Weighted regression assumes that some response values are more precise than others. #StatWisdom
Click To Tweet


For example, the following SAS data set defines (x,y) values and weights (w) for 11 observations. Observations whose X value is close to x=10 have relatively large weights. Observations far from x=10 have small weights. The last observation (x=14) is assigned a weight of zero, which means that it will be completely excluded from the analysis.

data RegData;
input y x w;
datalines;
2.3  7.4  0.058 
3.0  7.6  0.073 
2.9  8.2  0.114 
4.8  9.0  0.144 
1.3 10.4  0.151 
3.6 11.7  0.119 
2.3 11.7  0.119 
4.6 11.8  0.114 
3.0 12.4  0.073 
5.4 12.9  0.035 
6.4 14.0  0 
;

You can use PROC SGPLOT to visualize the observations and weights. In fact, PROC SGPLOT supports a REG statement that adds a regression line to the plot. The REG statement supports adding both weighted and unweighted regression lines:

proc sgplot data=RegData;
scatter x=x y=y / filledoutlinedmarkers markerattrs=(size=12 symbol=CircleFilled)
                colorresponse=w colormodel=TwoColorRamp;     /* color markers by weight */
reg x=x y=y / nomarkers legendlabel="Unweighted Regression"; /* usual OLS regression */
reg x=x y=y / weight=w nomarkers legendlabel="Weighted Regression"; /* weighted regression */
xaxis grid; yaxis grid;
run;
Weighted regression curves in PROC SGPLOT

Each marker is colored by its weight. Dark blue markers (observations for which 8 < x < 12) have relatively large weights. Light blue markers have small weights and do not affect the weighted regression model very much.

You can see the effect of the weights by comparing the weighted and unweighted regression lines. The unweighted regression line (in blue) is pulled upward by the observations near x=13 and x=14. These observations have small weights, so the weighted regression line (in red) is not pulled upwards.

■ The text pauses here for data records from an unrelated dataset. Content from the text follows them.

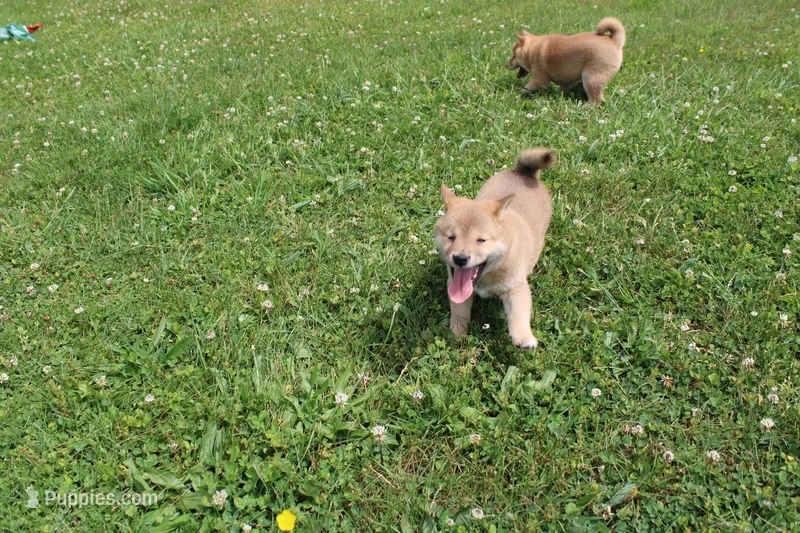 AKC Doodle – Shiba Inu puppy for sale in New Bloomfield, PA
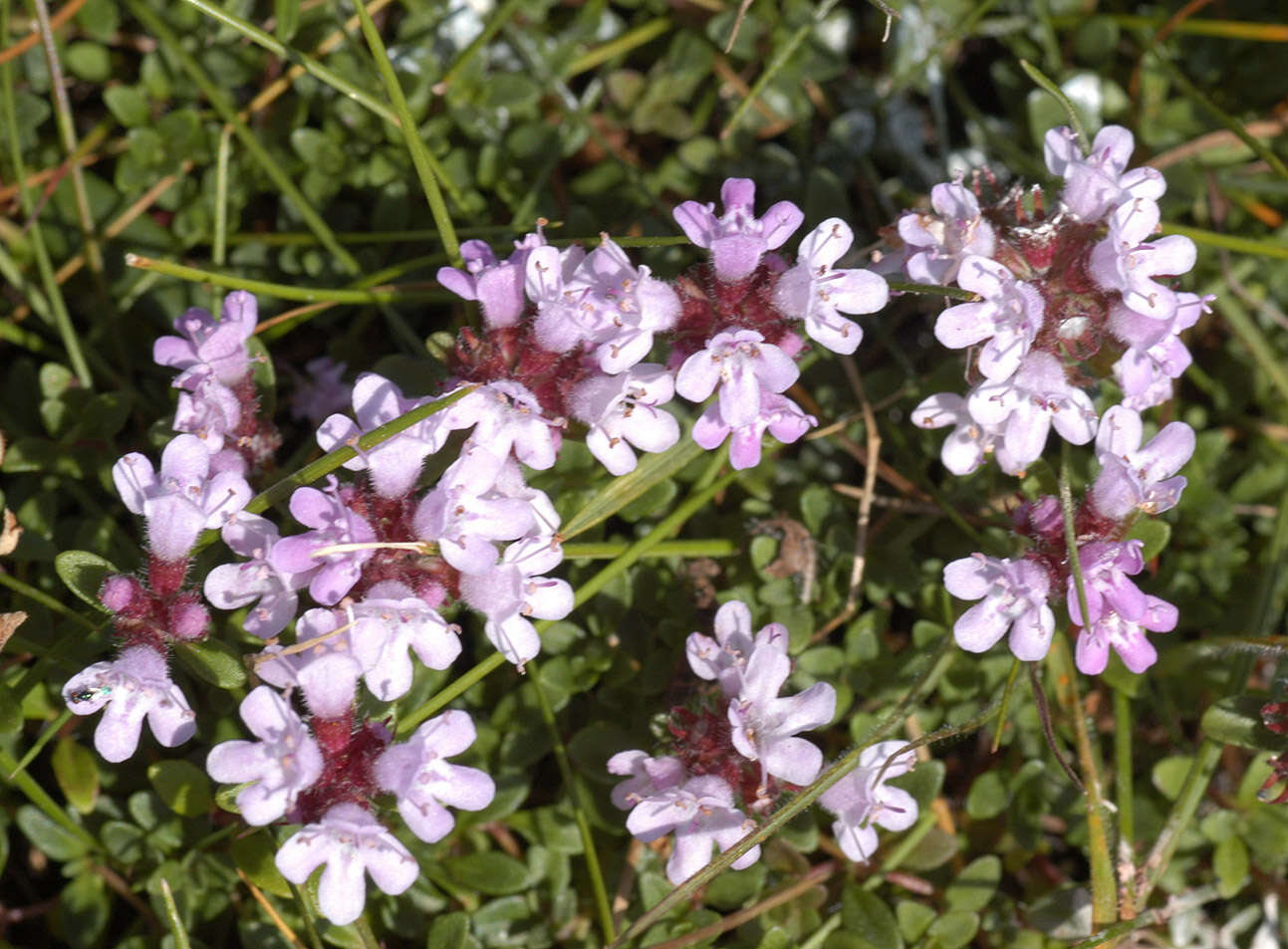 صورة Thymus praecox subsp. polytrichus (A. Kern. ex Borbás) Jalas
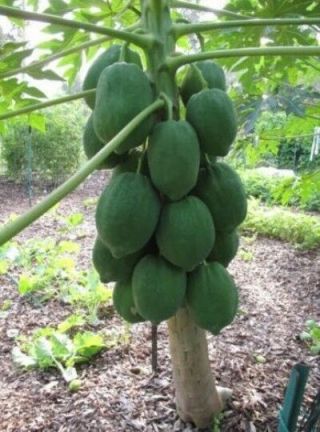 125 Ps/bag Dwarf Hovey Papaya Seeds Bonsai Organic Fruit Seeds Tree Seeds Rare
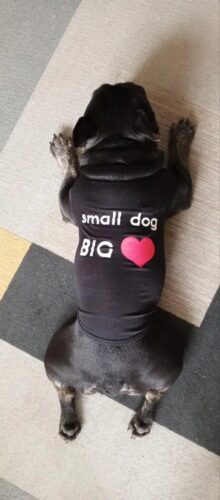 Tricou - Small Dog Big ❤️ - Negru #HC1120 photo review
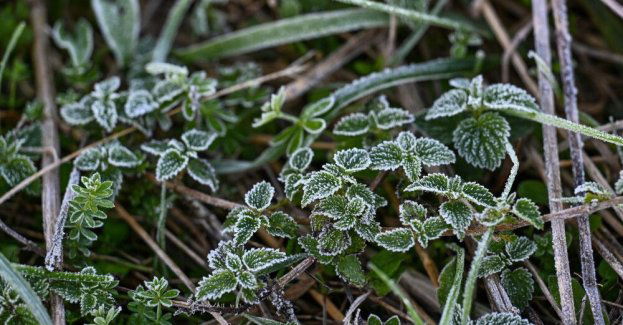 IMGW ostrzega przed przymrozkami w całym kraju
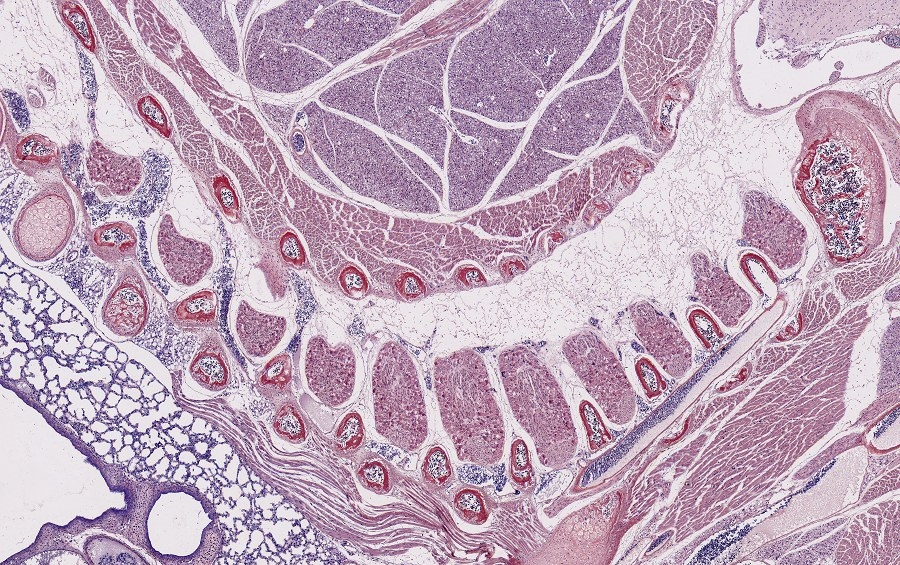 HISTOLOGIE: Knochenbildung in sechs verschiedene Doppel ...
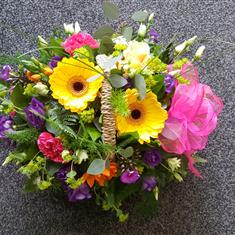 12th March Spring Basket at Sculthorpe Moor Nature Reserve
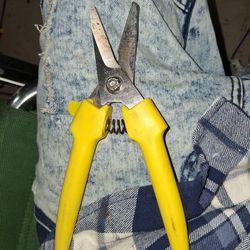 Flower bunch cutters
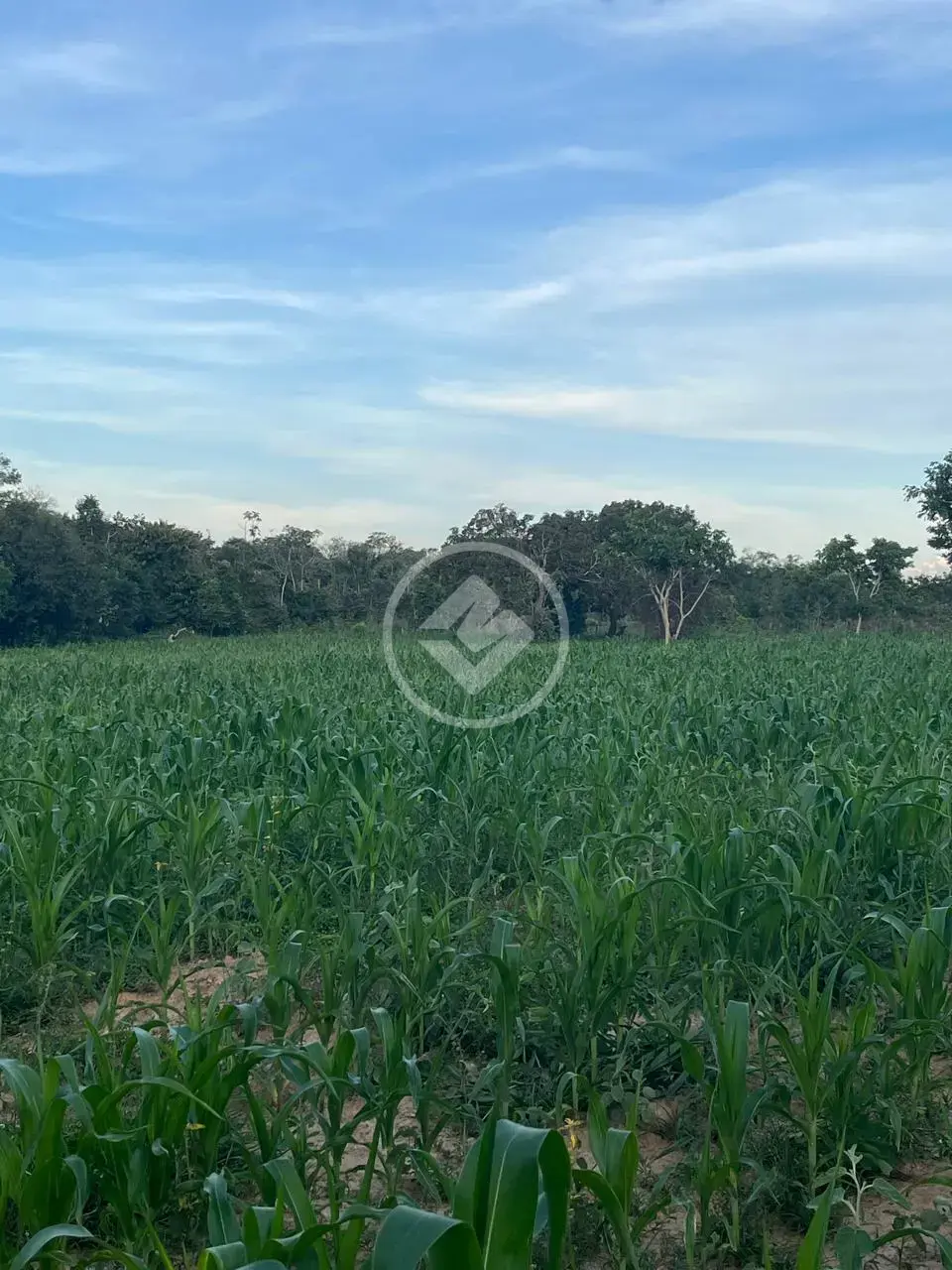 Imagem 6 - Fazenda em Uruaçu - GO, Uruaçu - GO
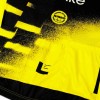 Heren Team Visma Lease a Bike 2025 The Wingbeat Shirt - Wout Van Aert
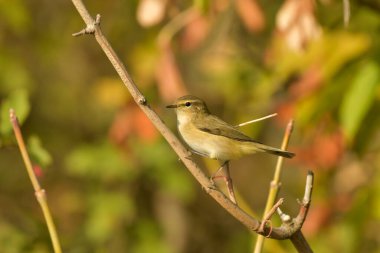 Genel Chiffchaff (Phylloscopus collybyta) 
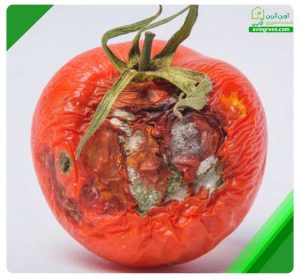 کپک گوجه فرنگی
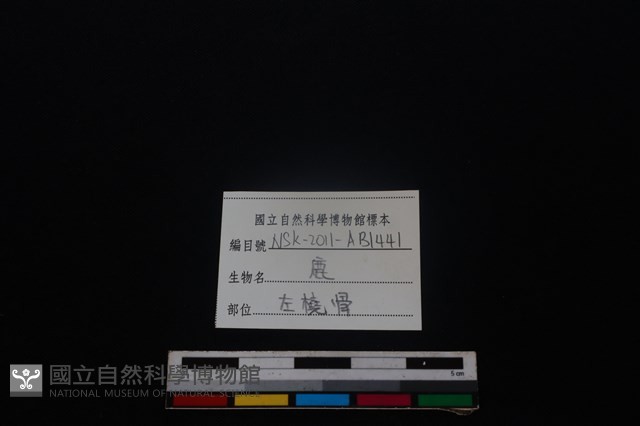 梅花鹿骨藏品圖，第3張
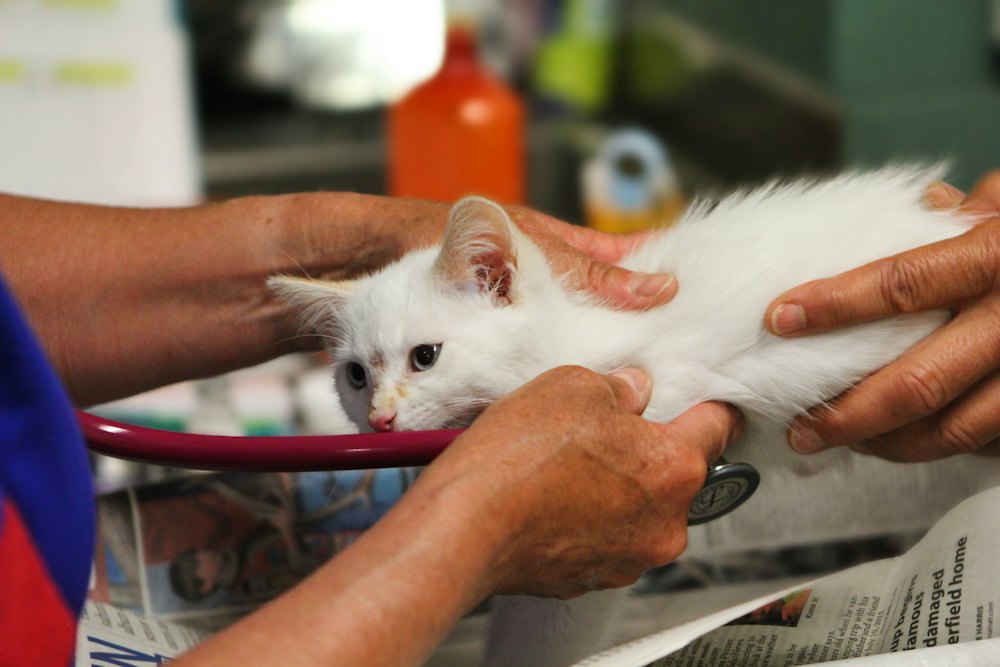 Ambientación de clínica veterinaria, foto de referencia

Weighted regression by using PROC REG

If you want to compute parameter estimates and other statistics, you can use the REG procedure in SAS/STAT to run the weighted and unweighted regression models. The following statement run PROC REG twice: once without a WEIGHT statement and once with a WEIGHT statement:

proc reg data=RegData plots(only)=FitPlot;
   Unweighted: model y = x;
   ods select NObs ParameterEstimates  FitPlot;
quit;
 
proc reg data=RegData plots(only)=FitPlot;
   Weighted: model y = x;
   weight w;
   ods select NObs ParameterEstimates  FitPlot;
quit;

The output (not shown) indicates that the unweighted regression model is Y = -0.23 + 0.36*X. In contrast, the weighted regression model is Y = 2.3 + 0.085*X. This confirms that the slope of the weighted regression line is smaller than the slope of the unweighted line.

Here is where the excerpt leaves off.